■ **What is required**: Restate, word for word, the run of lines that starts at the line containing "Black Bear Mother and Cubs - Mama Bear" and ends with the final line of the listing. Leave pictures out.

■ **Given information**:
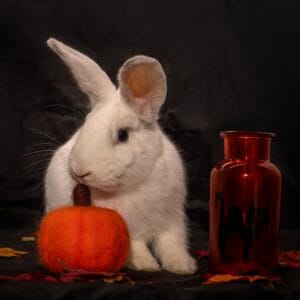 Aurora – REZERWACJA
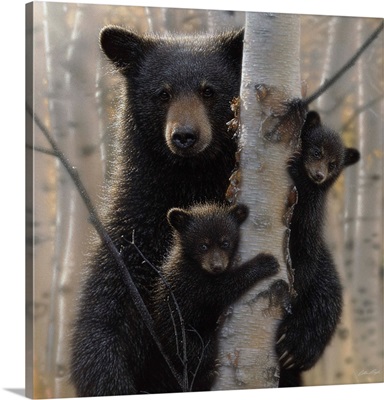 Black Bear Mother and Cubs - Mama Bear
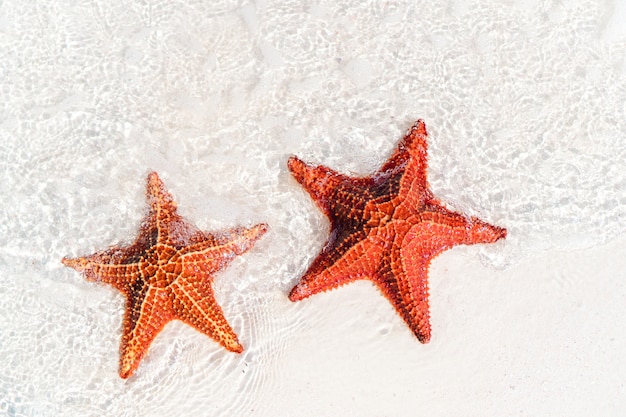 Tropical white sand with red starfish in clear water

■ **Problem solution**:
 Black Bear Mother and Cubs - Mama Bear
 Tropical white sand with red starfish in clear water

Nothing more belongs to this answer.